Please set down, unchanged, each line from the one with "New 2026 GMC" to the final line of the data below, both included. Drop the pictures.
======== EXERCISE INPUTS
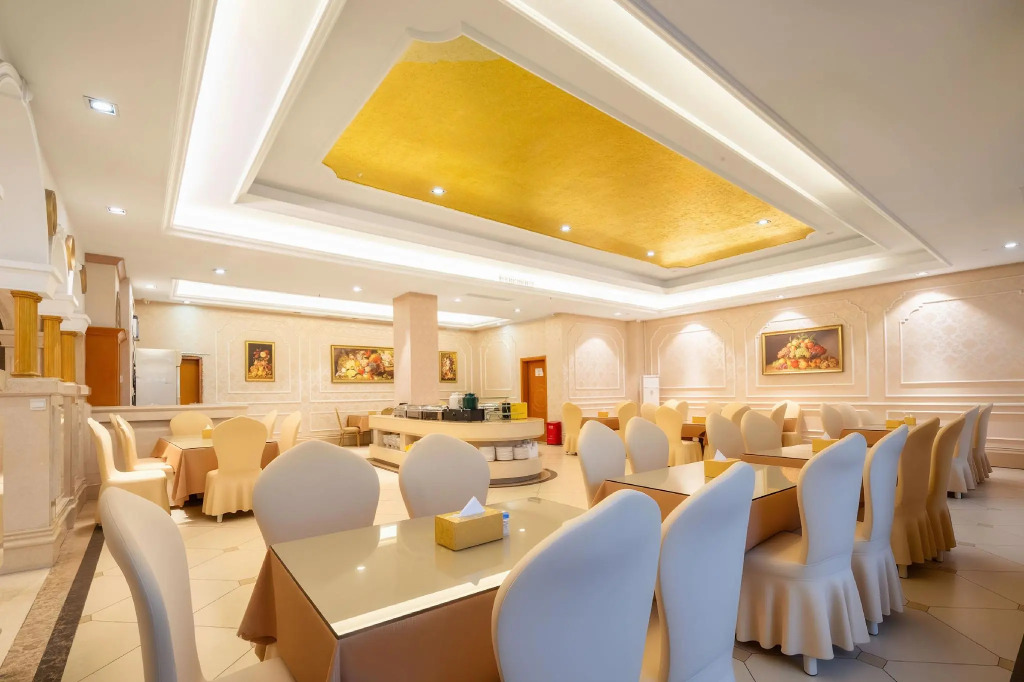 Vienna Hotel Shenzhen Gongming Nanhuan Road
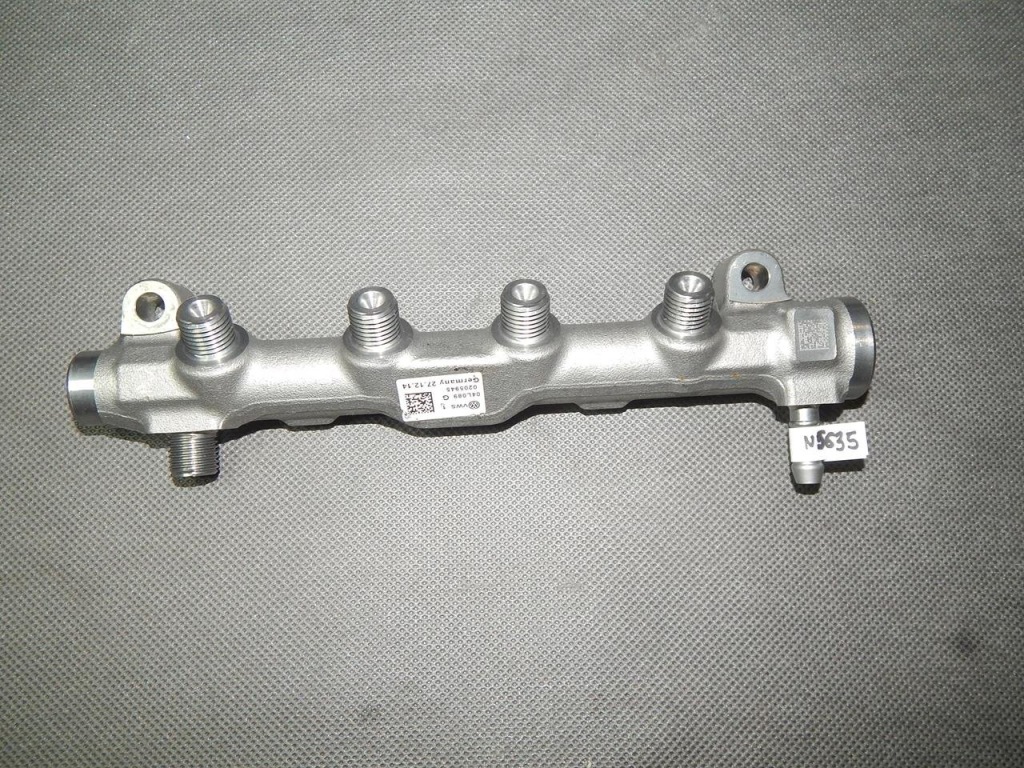 фото №1, Vw passat b8 2.0 tdi молдинг впрыскная 04l089g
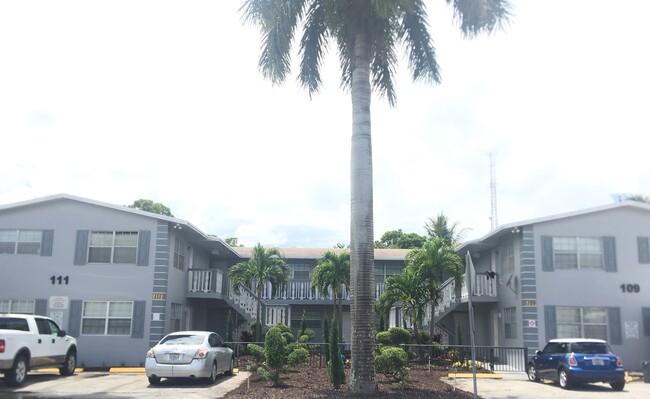 111 SW 11th Ave, Unit 1 in Fort Lauderdale, FL - Building Photo - Building Photo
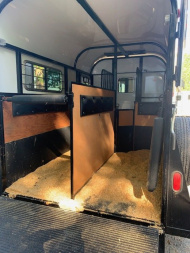 Used 2004 Trailers USA 2h D/room Horse Trailer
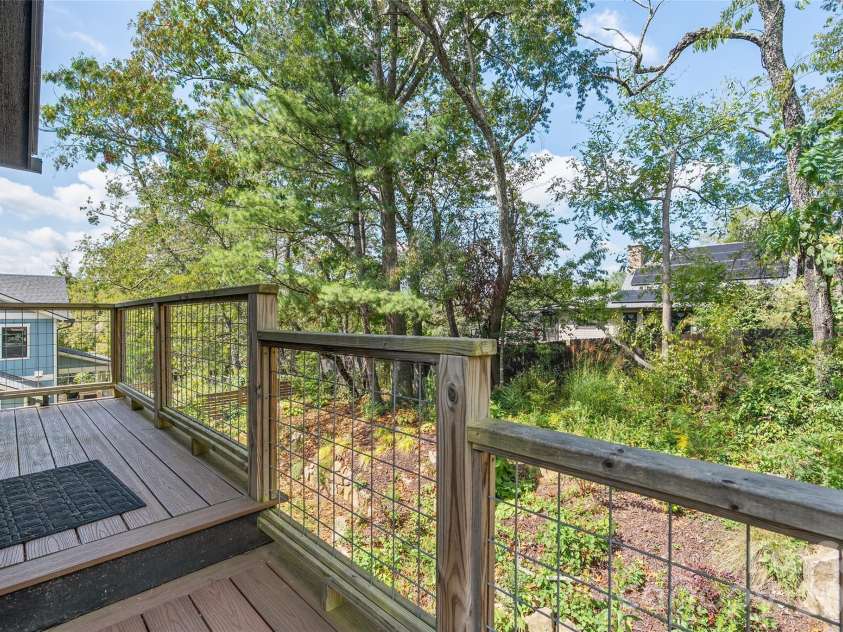 55 Acona Lane, Asheville, NC 28803.  MLS# CAR4421383, YatesRealty ID 38976. 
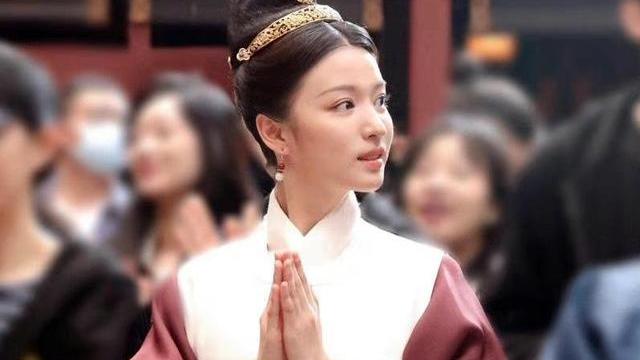 王楚然|《尚食》于正审美走入误区，美女王楚然变土，服化道真的好看吗？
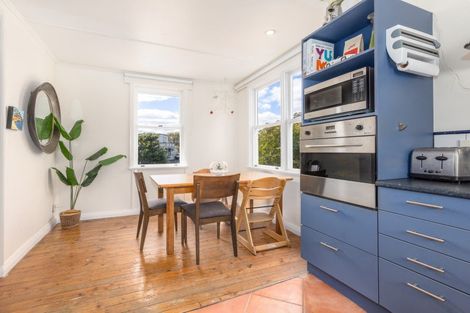 Photo of property in 118 Te Pene Avenue, Titahi Bay, Porirua, 5022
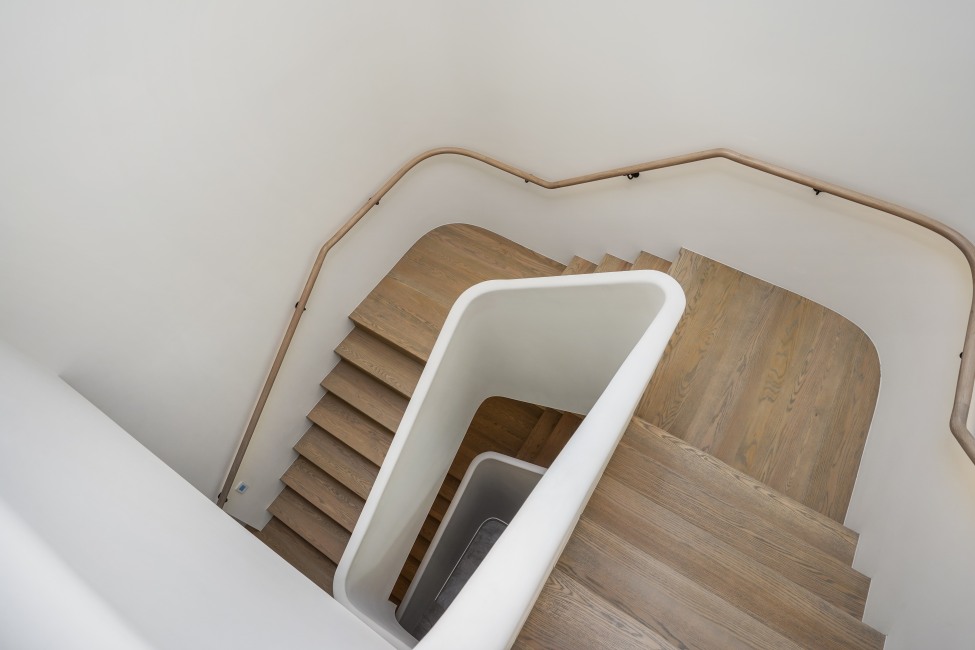 Glacial Oak (American Oak) staircase in Cochran Avenue by Trinity Stairs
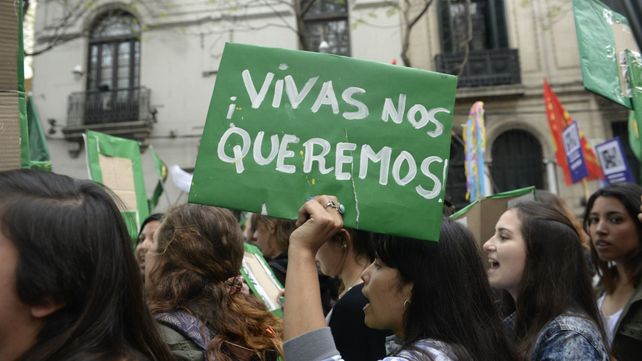 Rosario y una de las movilizaciones en contra de la violencia de género.&nbsp;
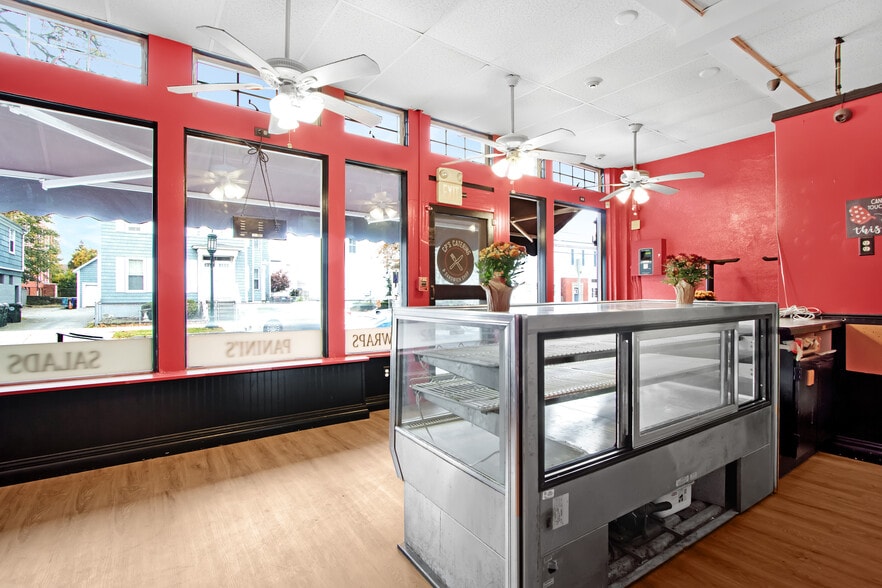 366 Wood St, Bristol, RI for sale - Building Photo - Image 2 of 10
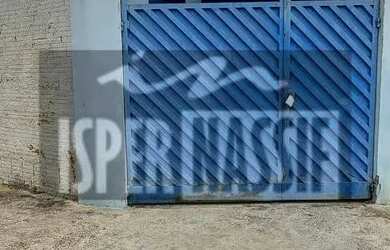 Imagem: A casa possui 2 Dormitórios, 1 Banheiro, 2 Vagas na garagem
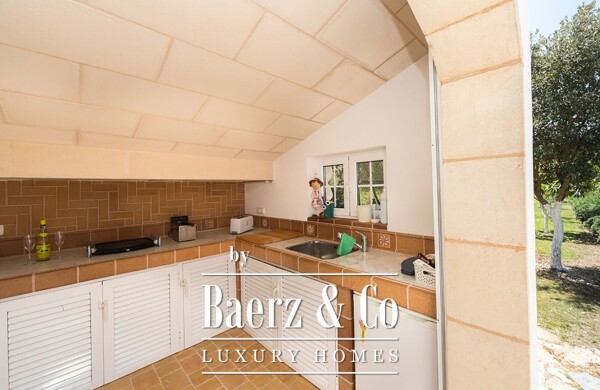 photo 17 ESTATE WITH TENNIS COURT IN ALAIOR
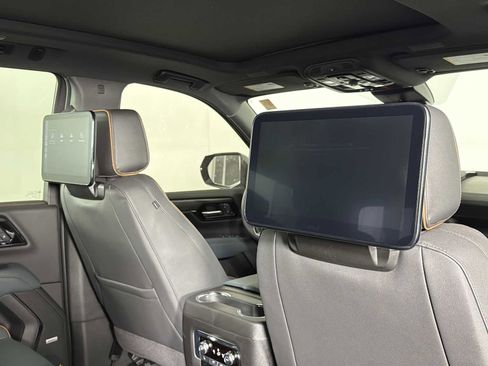 New 2026 GMC Yukon AT4 w/ AT4 Premium Plus Package image 30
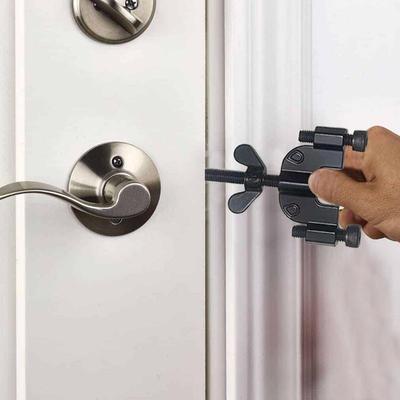 Dveřní kování a zámky – Zástrčky, petlice a zámky na dveře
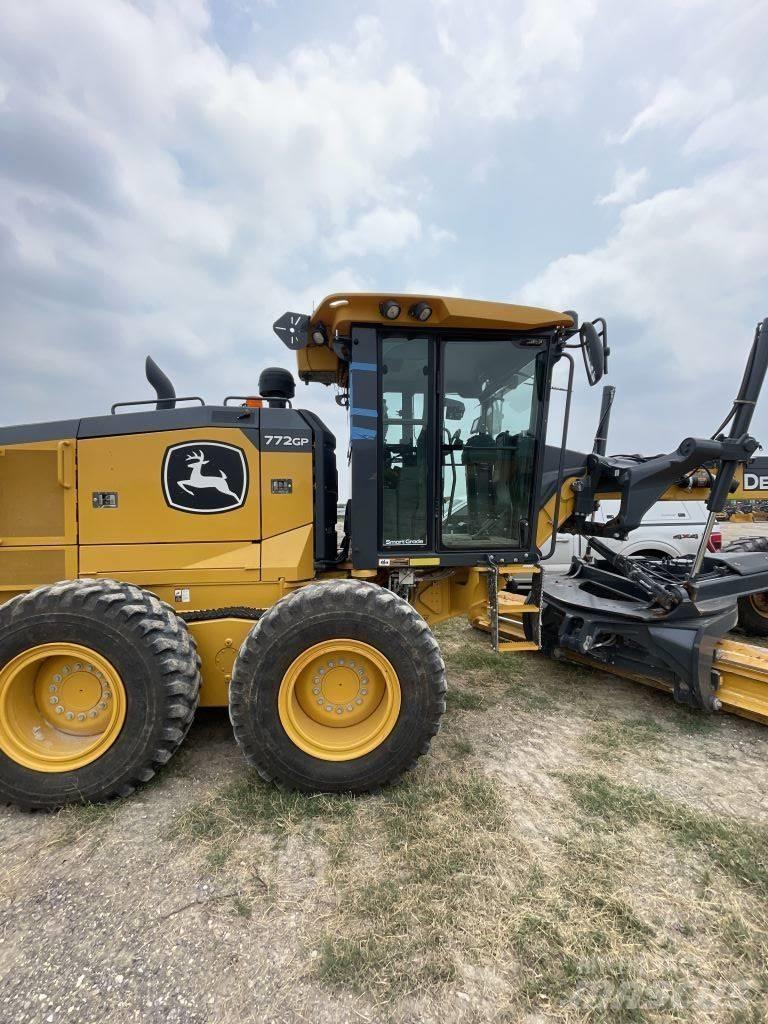 John Deere 772 GP Motor Graders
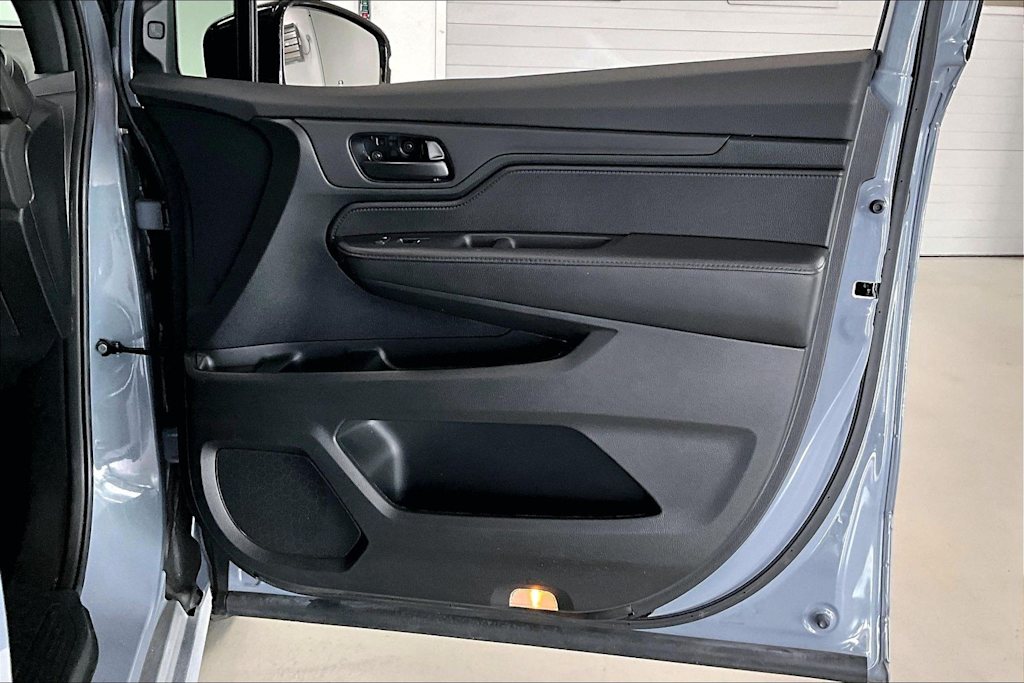 Thumbnail: 2023 Honda Odyssey - 26
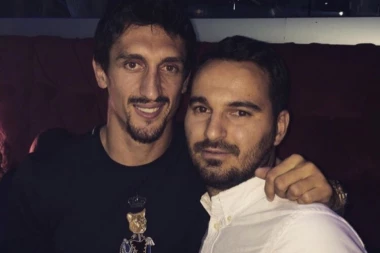 (FOTO) Savić i Oblak lumpovali uz Aleksandru Prijović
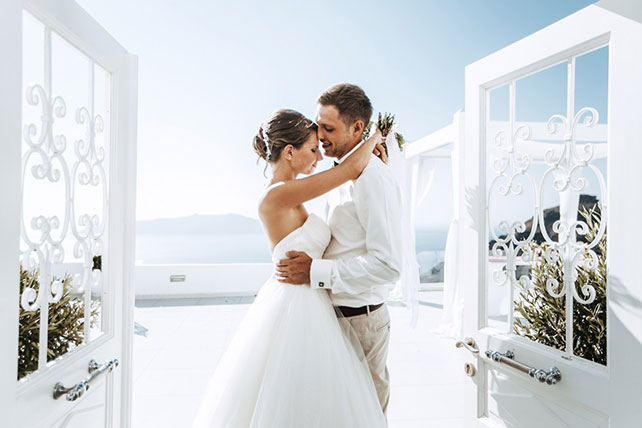 На краю света, жених и невеста на балконе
================
▶ [TASK RESULT]:
 New 2026 GMC Yukon AT4 w/ AT4 Premium Plus Package image 30
 Dveřní kování a zámky – Zástrčky, petlice a zámky na dveře
 John Deere 772 GP Motor Graders
 Thumbnail: 2023 Honda Odyssey - 26
 (FOTO) Savić i Oblak lumpovali uz Aleksandru Prijović
 На краю света, жених и невеста на балконе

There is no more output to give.